Джерард стал рассказывать.
Барнаби встрепенулся.
– Учти, – предупредил Джерард, – там будет, по крайней мере, одна незамужняя леди, а где одна ...
– Там обычно и вся стая, – кивнул Барнаби. – Тем не менее, я умею с ними управляться. Меня деморализовали именно Мелисса, ее мамаша и семейные связи.
Вышеуказанная деморализация, очевидно, оказалась довольно короткой и малодейственной: Барнаби уничтожил последнюю колбаску, после чего соизволил спросить:
– Итак, когда мы едем?
Джерард встретился глазами с другом. Пейшенс была права, хотя он вряд ли в этом ей признается.
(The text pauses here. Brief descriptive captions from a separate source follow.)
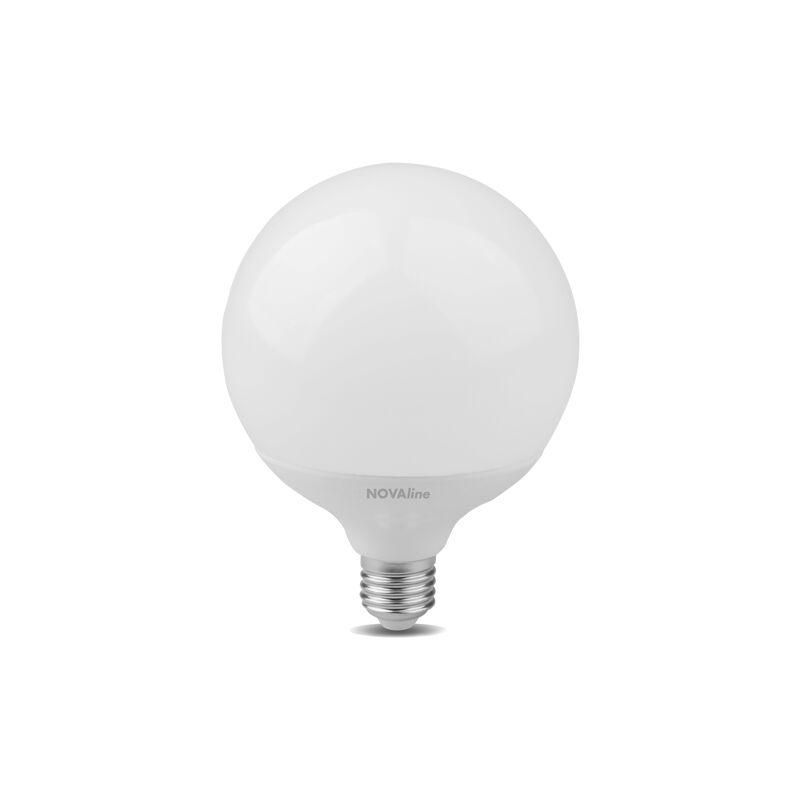 foto del prodotto lampadina led globo 18w e27, luce naturale 4000k gl110n2 novaline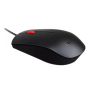 Lenovo Essential USB Wired Mouse, 1600 DPI, 1.8 m, 3 Buttons, Black , Lenovo , Essential USB Mouse , Optical sensor , wired , Black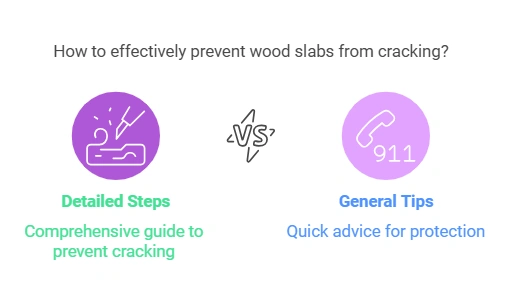 How To Prevent Wood Slabs From Cracking? [Explained]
– Сегодня же напишу управляющему Трегоннинга. Нужно захватить побольше кистей и красок, удостовериться, что все остальное в порядке ... скажем, в конце следующей недели.
– Превосходно!
Барнаби поднял чашку, словно бокал с вином, осушил и потянулся к кофейнику.
– Думаю, что до той поры я залягу в укрытие.
Двенадцать дней спустя коляска Джерарда проехала между двумя выщербленными каменными столбами с прикрепленными к ним табличками, возвещавшими о том, что именно здесь и начинается Хеллбор-Холл.
– Далековато от Лондона, – заметил сидевший рядом Барнаби, с любопытством оглядываясь вокруг, удивленный и немного заинтригованный.
Они выехали из столицы четырьмя днями раньше и с тех пор были в пути, останавливаясь пообедать и переночевать в понравившихся гостиницах.
Подъездная аллея, продолжение дороги, отходившей от той, которая вела к Сент-Джасту и Сент-Моусу, была обсажена старыми очень толстыми и густыми деревьями. Поля по обе стороны загораживали разросшиеся кусты живой изгороди. Ощущение было такое, словно они оказались в живом коридоре, постоянно изменяющемся коллаже коричневого и зеленого. Иногда за вершинами кустов и нависшими ветвями виднелось сверкающее серебром море под ярко-синим небом. Впереди и справа полоска морской воды была ограничена мысом, переливавшимся смесью оливкового, фиолетового и дымчато-серого цветов.
Джерард прищурился.
– По моему предположению, этот отрезок воды, должно быть Каррик-Роудз. Значит, прямо по курсу лежит Фалмут.
Барнаби последовал примеру друга и тоже присмотрелся.
– Слишком далеко, чтобы различить город, зато сколько парусов!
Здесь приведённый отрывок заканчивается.